* **Supplied information**
-- -- --

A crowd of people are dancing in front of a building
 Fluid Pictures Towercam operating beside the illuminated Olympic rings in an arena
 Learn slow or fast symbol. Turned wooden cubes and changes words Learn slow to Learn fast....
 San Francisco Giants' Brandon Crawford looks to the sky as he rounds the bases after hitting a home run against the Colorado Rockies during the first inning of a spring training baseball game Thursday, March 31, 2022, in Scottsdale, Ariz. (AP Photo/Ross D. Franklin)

-- -- --

* **What you are asked to do**
Repeat the material above in full, quoting it exactly.

* **Response area**
A crowd of people are dancing in front of a building
 Fluid Pictures Towercam operating beside the illuminated Olympic rings in an arena
 Learn slow or fast symbol. Turned wooden cubes and changes words Learn slow to Learn fast....
 San Francisco Giants' Brandon Crawford looks to the sky as he rounds the bases after hitting a home run against the Colorado Rockies during the first inning of a spring training baseball game Thursday, March 31, 2022, in Scottsdale, Ariz. (AP Photo/Ross D. Franklin)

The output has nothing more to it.